Don’t know this book at all but have just enjoyed reading a less than positive Spectator review of it from 1951 http://archive.spectator.co.uk/article/14th-december-1951/24/good-east-bad-west The reviewer is Robert Sinclair author of the East London volume of the County Books series. Haven’t seen that book either, although we do have a copy of Walter Greenwood’s contribution to the series, on Lancashire.
Yes, I read that review too.
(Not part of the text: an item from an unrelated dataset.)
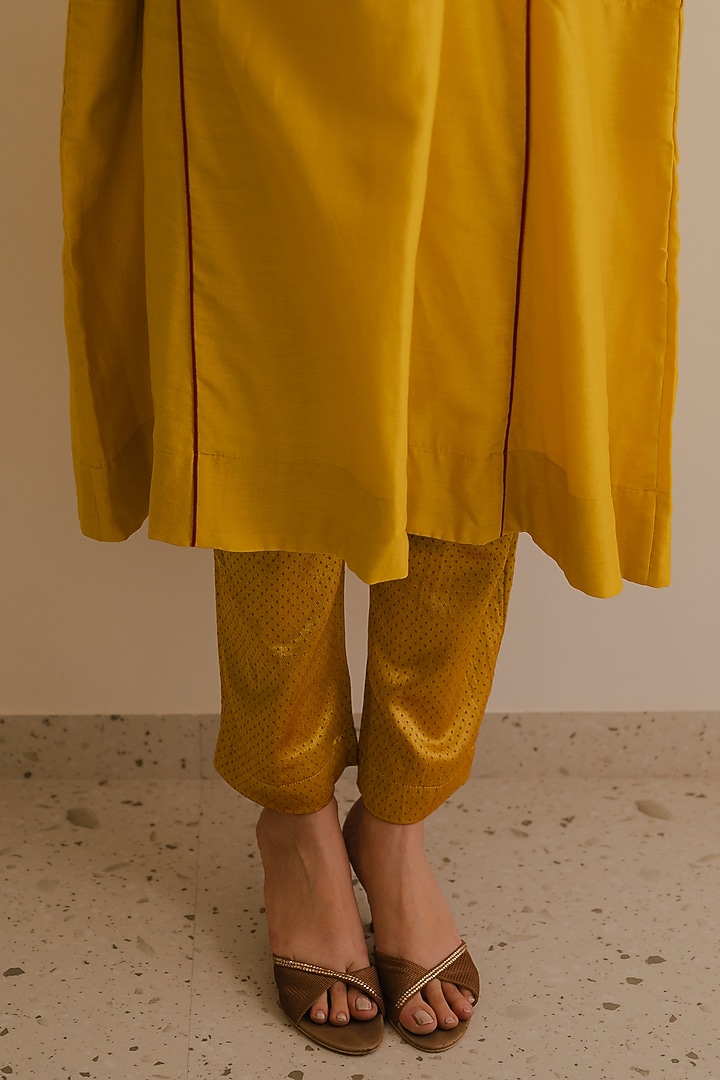 Mustard Handloom Chanderi Silk Kurta Set by Kajal Agrawal at Pernia's Pop Up Shop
Very hostile to the fact that she has a possibly over-romanticised view of the east end.
When I read Millicent Rose’s introduction to Coleridge’s The Rime of the Ancient Mariner illustrated by Gustave Doré, I was so taken with the sophistication of her prose, the brilliance of her artistic insights and the uncontaminated quality of her English that I was determined to find out who she was, so I am indebted to you for this information.